Non ci metto molto: gli arbitri italiani non hanno i dubbi di Platone. Soprattutto sul protocollo del fuorigioco. Una regola che penalizza lo spettacolo.
Chiedo un’opinione agli ex arbitri che scrivono e commentano, Casarins e Marellis: che vantaggio hanno ottenuto Haraslin (Roma – Sassuolo) e Pereira (Spezia – Lazio)? Obiettivi preziosi annullati da un protocollo applicato con criteri petulanti. Il pubblico (al ritorno) e gli spettatori (a casa davanti allo schermo televisivo) pagano per vedere i capolavori di Haraslin. Non per i “congressi” che si svolgono ogni settimana nei campi italiani. C’è questa abitudine italica di andare al Var con una frequenza sconosciuta in altri campionati. Non contesto il Var: sfido la sua candidatura. Proprio come i lamenti rigorosi della scorsa stagione erano indigesti, così sono le battute di questa stagione per stabilire se un mezzo piede è da questa parte o dall’altra parte della linea. È un protocollo che garantisce i difensori. E questo punisce chi attacca. Un protocollo che va contro lo spirito del gioco, cioè basato sugli obiettivi: sulla gioia (o disperazione) che un gol produce in giocatori e tifosi. Il Var ha annullato questa emozione: oggi dopo un gol gli applausi sono imprudenti. Devono prima completare i lavori della “cassazione” che sospende l’offerta.
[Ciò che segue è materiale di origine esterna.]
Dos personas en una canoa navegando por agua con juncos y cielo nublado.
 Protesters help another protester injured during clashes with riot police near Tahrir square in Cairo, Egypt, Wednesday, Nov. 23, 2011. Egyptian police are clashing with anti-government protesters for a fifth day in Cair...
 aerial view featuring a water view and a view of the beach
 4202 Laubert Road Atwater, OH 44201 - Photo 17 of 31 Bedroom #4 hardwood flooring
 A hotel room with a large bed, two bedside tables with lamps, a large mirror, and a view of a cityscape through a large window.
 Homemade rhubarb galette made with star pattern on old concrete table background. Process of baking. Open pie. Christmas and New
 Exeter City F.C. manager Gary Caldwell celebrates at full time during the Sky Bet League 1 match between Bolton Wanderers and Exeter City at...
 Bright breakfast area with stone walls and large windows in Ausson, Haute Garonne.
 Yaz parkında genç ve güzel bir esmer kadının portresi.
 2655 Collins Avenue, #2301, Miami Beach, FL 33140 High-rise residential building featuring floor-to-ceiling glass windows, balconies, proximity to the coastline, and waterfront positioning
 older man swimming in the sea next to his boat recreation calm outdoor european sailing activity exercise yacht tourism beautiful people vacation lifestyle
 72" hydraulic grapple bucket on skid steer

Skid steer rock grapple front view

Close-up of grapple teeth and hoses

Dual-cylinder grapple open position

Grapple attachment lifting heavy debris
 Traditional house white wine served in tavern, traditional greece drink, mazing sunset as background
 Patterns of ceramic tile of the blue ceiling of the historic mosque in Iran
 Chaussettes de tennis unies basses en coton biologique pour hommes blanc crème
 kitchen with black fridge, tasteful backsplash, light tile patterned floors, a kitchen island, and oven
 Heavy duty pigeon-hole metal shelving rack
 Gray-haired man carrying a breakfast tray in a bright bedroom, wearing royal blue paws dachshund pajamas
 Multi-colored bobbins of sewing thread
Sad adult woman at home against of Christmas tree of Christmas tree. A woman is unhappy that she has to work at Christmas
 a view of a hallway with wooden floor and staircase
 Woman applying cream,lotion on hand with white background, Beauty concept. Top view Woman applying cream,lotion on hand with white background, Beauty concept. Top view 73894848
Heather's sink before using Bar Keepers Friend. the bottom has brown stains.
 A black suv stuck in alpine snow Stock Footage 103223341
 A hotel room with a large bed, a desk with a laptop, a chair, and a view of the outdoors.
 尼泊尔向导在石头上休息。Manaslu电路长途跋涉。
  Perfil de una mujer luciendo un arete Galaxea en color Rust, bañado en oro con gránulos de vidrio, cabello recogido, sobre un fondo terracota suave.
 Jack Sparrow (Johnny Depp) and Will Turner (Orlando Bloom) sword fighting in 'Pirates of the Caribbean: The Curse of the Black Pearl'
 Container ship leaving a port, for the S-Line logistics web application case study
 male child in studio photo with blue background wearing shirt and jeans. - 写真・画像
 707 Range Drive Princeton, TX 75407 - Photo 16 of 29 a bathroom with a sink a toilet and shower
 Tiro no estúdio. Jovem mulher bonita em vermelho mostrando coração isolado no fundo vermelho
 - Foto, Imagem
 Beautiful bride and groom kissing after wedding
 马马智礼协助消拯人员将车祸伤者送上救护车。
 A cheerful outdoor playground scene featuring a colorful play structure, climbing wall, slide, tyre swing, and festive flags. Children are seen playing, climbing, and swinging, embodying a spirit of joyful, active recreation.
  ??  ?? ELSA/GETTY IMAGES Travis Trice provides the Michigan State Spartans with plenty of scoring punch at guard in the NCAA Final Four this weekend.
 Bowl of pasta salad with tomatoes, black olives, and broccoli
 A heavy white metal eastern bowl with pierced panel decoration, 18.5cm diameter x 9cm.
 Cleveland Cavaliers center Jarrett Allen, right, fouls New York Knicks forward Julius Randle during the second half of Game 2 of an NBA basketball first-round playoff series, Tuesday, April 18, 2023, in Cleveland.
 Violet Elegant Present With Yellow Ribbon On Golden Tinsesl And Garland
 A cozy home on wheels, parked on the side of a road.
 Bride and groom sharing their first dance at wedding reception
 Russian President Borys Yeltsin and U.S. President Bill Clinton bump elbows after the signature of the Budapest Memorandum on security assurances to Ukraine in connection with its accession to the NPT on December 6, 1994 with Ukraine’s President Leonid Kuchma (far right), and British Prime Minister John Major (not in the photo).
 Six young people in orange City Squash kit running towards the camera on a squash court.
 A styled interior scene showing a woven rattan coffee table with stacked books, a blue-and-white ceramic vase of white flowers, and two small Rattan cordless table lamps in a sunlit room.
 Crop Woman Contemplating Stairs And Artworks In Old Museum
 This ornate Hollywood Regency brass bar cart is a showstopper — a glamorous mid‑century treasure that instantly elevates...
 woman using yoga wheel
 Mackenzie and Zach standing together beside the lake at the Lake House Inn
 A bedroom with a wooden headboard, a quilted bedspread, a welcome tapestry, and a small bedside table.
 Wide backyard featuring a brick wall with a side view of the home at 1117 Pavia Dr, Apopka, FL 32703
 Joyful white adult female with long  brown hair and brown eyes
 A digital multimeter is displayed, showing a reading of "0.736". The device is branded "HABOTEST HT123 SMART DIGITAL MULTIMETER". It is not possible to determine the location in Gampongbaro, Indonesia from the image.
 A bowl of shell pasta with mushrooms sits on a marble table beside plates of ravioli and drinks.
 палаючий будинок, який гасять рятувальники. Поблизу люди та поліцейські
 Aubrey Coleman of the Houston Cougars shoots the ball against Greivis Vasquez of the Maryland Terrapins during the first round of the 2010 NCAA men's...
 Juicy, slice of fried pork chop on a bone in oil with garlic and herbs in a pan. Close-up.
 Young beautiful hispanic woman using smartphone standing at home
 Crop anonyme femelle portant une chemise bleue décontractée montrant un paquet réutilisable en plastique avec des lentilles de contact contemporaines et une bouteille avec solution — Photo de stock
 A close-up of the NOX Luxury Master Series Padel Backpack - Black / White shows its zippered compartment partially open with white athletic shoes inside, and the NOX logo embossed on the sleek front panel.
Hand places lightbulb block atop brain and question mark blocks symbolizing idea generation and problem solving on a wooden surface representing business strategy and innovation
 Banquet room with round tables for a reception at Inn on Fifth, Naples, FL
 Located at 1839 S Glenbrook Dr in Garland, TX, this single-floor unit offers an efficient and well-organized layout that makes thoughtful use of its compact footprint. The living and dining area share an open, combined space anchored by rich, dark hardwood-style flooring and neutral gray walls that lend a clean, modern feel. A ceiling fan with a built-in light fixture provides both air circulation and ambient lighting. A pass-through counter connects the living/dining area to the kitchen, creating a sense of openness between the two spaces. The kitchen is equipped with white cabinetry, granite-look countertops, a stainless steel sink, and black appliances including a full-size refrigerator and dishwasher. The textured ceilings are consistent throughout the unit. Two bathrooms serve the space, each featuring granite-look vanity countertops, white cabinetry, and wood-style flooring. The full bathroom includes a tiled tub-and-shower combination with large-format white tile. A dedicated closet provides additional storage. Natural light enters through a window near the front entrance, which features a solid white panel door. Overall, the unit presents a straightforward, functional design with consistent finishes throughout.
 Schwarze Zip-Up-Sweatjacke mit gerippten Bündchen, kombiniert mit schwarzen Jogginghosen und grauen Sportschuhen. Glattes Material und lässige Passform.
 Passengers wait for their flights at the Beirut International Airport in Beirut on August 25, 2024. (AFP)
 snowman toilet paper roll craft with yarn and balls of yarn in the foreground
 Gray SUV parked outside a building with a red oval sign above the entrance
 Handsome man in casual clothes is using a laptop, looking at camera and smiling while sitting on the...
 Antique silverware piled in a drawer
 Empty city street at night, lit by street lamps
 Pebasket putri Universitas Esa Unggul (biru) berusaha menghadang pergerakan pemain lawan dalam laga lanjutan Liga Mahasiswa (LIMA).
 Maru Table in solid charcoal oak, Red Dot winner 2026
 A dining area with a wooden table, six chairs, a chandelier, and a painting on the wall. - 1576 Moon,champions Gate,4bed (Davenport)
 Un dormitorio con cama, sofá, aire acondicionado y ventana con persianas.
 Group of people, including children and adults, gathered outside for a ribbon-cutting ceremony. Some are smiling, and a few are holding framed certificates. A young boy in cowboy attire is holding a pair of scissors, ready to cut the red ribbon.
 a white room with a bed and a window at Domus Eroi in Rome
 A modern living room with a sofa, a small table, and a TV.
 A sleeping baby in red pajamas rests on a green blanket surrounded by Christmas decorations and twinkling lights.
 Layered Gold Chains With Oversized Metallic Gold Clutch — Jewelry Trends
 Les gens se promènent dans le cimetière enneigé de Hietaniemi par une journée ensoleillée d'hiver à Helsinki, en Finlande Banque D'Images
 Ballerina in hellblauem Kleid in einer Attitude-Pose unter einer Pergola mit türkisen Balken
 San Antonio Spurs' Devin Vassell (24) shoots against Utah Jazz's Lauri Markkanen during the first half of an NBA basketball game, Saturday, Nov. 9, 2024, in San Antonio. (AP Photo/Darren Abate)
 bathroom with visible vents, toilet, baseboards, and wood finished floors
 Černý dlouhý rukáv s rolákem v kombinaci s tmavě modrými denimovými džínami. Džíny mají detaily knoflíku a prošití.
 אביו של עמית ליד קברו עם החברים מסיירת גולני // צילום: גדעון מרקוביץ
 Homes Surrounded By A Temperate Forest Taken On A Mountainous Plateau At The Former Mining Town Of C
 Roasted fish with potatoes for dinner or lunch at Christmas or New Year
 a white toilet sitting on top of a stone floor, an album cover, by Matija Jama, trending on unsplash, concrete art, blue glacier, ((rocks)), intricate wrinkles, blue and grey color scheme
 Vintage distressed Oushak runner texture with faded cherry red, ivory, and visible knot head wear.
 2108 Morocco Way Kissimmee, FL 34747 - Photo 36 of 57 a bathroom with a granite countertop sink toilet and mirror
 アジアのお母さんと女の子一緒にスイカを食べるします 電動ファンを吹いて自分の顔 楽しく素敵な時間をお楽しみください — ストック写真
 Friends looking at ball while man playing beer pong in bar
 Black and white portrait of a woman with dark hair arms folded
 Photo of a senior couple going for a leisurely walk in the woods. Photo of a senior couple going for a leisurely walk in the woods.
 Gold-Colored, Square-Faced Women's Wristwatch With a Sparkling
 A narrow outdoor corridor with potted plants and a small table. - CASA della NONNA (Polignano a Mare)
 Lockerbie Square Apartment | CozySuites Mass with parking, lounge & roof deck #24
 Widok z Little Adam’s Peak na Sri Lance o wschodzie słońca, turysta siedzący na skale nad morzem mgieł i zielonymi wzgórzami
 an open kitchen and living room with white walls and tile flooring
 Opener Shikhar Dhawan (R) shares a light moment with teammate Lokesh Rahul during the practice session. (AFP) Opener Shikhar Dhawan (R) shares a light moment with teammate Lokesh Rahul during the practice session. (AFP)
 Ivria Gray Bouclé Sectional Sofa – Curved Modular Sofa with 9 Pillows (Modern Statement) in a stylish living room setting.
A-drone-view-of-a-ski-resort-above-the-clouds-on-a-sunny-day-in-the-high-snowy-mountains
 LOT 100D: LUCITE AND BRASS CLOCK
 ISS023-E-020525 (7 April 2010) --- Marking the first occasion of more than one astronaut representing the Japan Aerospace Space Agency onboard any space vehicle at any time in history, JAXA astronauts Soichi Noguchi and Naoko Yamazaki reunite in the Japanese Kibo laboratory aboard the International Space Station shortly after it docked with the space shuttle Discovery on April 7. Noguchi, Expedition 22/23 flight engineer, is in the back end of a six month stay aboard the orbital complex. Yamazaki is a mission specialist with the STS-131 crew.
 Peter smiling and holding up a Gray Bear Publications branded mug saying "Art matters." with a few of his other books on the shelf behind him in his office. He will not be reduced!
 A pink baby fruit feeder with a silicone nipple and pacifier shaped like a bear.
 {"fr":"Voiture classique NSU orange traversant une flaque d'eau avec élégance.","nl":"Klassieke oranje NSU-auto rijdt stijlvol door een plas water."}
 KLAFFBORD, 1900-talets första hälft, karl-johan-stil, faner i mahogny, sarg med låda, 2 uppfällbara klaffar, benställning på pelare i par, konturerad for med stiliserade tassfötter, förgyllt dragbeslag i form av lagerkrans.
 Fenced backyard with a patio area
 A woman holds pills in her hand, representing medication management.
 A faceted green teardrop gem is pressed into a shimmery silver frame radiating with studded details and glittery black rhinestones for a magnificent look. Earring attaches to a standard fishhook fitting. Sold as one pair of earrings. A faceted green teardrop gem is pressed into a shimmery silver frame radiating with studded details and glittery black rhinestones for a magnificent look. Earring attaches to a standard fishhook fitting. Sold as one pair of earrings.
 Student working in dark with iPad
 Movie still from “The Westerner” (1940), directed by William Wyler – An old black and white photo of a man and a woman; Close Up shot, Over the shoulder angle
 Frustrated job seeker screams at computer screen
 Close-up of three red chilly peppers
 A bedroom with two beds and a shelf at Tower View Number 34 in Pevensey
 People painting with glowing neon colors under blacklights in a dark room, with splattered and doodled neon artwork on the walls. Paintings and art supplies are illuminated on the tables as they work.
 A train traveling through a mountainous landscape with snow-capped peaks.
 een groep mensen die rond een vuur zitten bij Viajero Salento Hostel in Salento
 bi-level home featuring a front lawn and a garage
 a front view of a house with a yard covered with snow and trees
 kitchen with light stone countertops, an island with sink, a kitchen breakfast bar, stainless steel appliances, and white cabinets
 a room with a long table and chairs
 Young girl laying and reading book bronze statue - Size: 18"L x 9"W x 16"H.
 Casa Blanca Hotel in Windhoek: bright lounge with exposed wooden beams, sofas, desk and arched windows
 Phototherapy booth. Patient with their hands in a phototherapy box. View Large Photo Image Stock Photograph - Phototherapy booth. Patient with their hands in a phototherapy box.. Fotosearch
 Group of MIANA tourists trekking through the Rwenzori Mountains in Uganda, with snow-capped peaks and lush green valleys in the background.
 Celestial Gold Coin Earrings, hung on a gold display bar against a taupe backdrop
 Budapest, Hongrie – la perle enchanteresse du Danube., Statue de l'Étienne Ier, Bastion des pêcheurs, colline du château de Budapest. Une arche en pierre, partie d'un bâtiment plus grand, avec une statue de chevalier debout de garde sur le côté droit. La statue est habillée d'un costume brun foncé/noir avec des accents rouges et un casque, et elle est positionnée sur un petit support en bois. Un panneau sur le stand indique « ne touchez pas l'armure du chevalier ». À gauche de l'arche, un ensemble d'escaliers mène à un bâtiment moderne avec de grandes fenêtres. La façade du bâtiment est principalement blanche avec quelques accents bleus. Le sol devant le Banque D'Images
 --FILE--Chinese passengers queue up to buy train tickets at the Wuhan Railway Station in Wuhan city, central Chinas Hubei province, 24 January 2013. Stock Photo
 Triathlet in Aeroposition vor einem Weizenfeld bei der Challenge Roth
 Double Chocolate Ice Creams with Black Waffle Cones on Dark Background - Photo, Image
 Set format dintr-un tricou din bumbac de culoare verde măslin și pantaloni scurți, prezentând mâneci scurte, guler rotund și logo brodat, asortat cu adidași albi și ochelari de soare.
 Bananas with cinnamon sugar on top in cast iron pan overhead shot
Brutto derby, ma sanguinoso. Juve brutta ma con una rabbia competitiva maggiore di quella del Toro. Finale di Miss Marple: secondo tradizione.
Ora, la trasferta di Champions League potrebbe segnare una linea di demarcazione. Quasi impossibile conquistare il primo posto nel girone. Ma una vittoria a Barcellona (dopo il sorpasso – in partita – subito all’andata) aumenterebbe l’autostima. Titanic Company. Ma sarà Messi contro Ronaldo: non ci saranno solo tre punti in palio.
Trovo difficile commentare la vicenda Perugia. Questo falso interrogatorio di Suarez che ha portato la Procura a rilasciare un avviso di garanzia per false comunicazioni a Fabio Paratici. Paratici si è detto calmo, spiegando che lo rifarebbe. Non mi piacciono i casi giudiziari sui giornali. Le notizie devono essere date. Ma le congetture sulle notizie dovrebbero essere evitate. Questa storia (dove, peraltro, sembra che la Juventus fosse interessata a Suarez) abbozza un mondo senza scrupoli, quello dell’Università degli Studi di Perugia. Non mi importa che il “milionario” Suarez abbia ricevuto un trattamento speciale. Chi si arrabbia è un ipocrita: il mondo funziona così. Mi sconvolge piuttosto il fatto di essere tra i pochi ad essere indignato, al momento, per la mancata concessione della cittadinanza (e dopo aver trionfato in fondo, la relativa mancata registrazione presso il superiore) di un Squadra giovanile di basket del sud, composta da bambini immigrati e che non soddisfa i requisiti legali. Penalizzato dalla Fip e dal governo italiano. Sono indignato per il fatto che agli atleti di origine africana che giocano nelle squadre nazionali venga detto “non sono italiani”. E che le loro storie, dopo poco tempo, scompaiano dai titoli dei giornali. Mi fa arrabbiare.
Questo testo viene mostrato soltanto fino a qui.